How to Annoy Everyone
By Erin Ann McBride and Juli Hiatt Caldwell
Late to bed, chocolate when we rise,
makes two girls hyper with super-size thighs
Have
you ever wished you could make people leave you alone and
ignore you in most social settings? Do you want to repel
all manner of man? Well, you have come to the right place!

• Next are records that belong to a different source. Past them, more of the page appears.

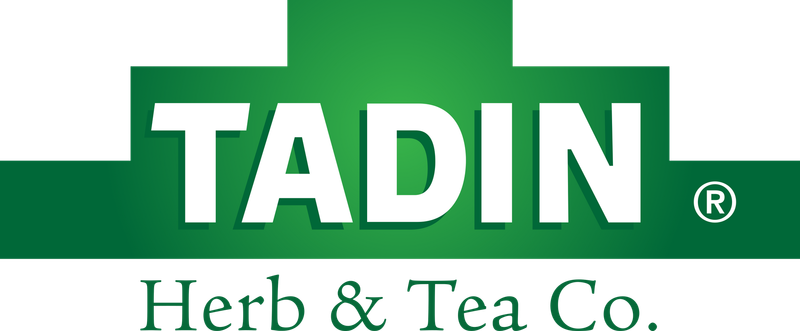 Tadin Teas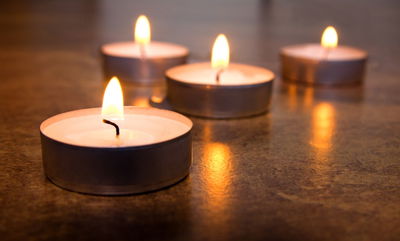 ביתר עילית: נער בן 18 לא התעורר, פונה במצב קשה ונפטר בבית החולים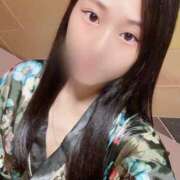 ヒメ日記 2025/11/12 08:51 投稿 ちはる 極楽城(ゴクラクジョウ)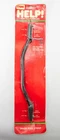 Door Pull Strap Universal Motormite Dorman Help 77202 Pure Black Color New. Price: $24.75.
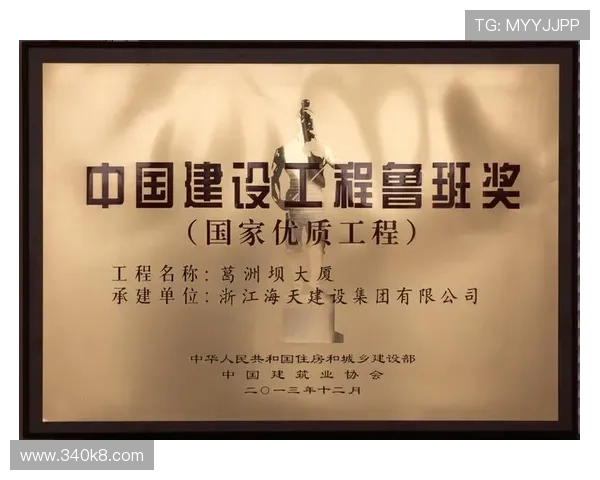 凯发娱乐的客户服务体系，提升玩家满意度的关键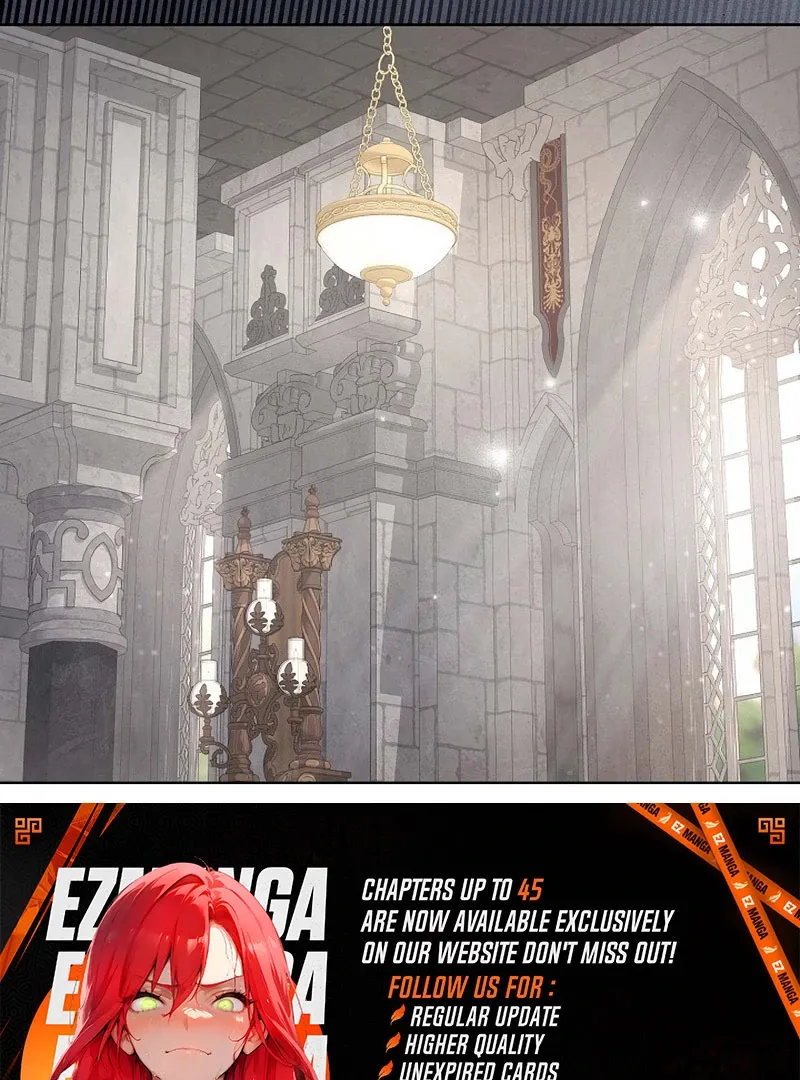 The Fake Bride Can’t Escape Chapter 44 page 80 - 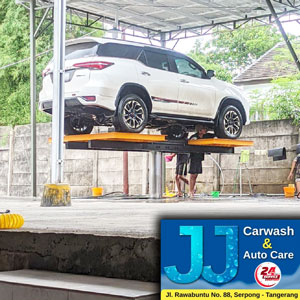 jj carwash 03 300 JJ Carwash & Autocare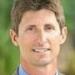Photo: Dr. Christopher Wigley, DMD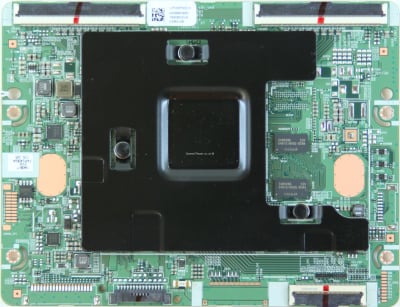 Πλακέτα T-Con BN95-01940B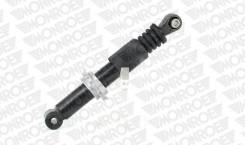   Volvo FM4   Monroe CB0211 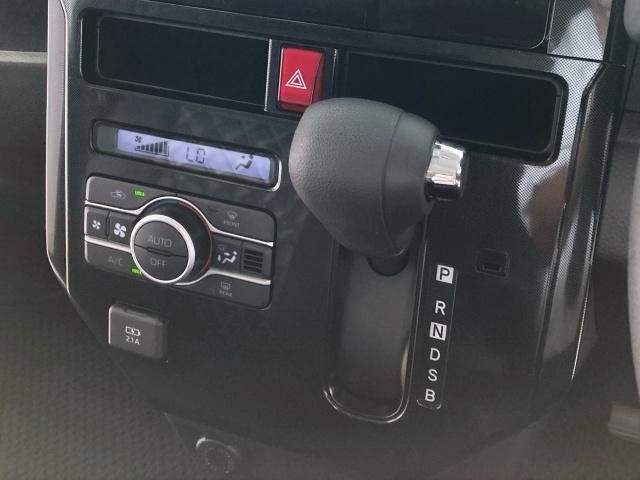 Ref:AUX-20594628 TOYOTA ROOMY 2023 - Image 19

We know how to take your perfect, loveable, and desirable
personality and turn you into a terrible wretch, and we’ll
sum up in one powerful word our never-fail, 100% guaranteed
strategy: vanity.
We
have asserted from the very beginning that as brilliant as
we are, as the writers of A Single Thought, we are incapable
of telling you how to be great. We cannot tell you how to
be great at dating (in other words, we’ve messed up a lot
and know for sure what won’t work at being perfect, but we
have plenty of experience on being avoided!). We are experts
at nothing but have opinions on everything, and the truth
is that the only trail we’re likely to blaze is to the nearest
shoe store’s clearance sale. So while we cannot blaze a trail
to your future happiness, and/or make you the most popular
person in town, we can give you a few tips, many sent in by
readers like you, to give you better idea of how to annoy
just about everyone you meet.
We’ve
been thinking and thinking as best as two blondes hyper on
chocolate can think, and we have again come up with a list
of offenses you may commit that tend to repel the general
public at large. And we would like to point out that in no
way shape or form does this apply to singles only. This applies
to everyone, because everyone has the potential to be awful
– just as they have the potential to be great.
Again,
we are not blazing a trail on this either. A list similar
to this appeared in 1755 (250 years ago), written by Benjamin
Franklin, a true American hero. This man set the example
for politicians everywhere when he advised the colonists,
“Early to bed, early to rise, makes a man healthy, wealthy
and wise,” but never dragged his own sorry tail out of bed
before 10:00 a.m. We liked what he had to say on his list
entitled Rules for Making Oneself a Disagreeable Companion,
so we have updated it and added a few of our own.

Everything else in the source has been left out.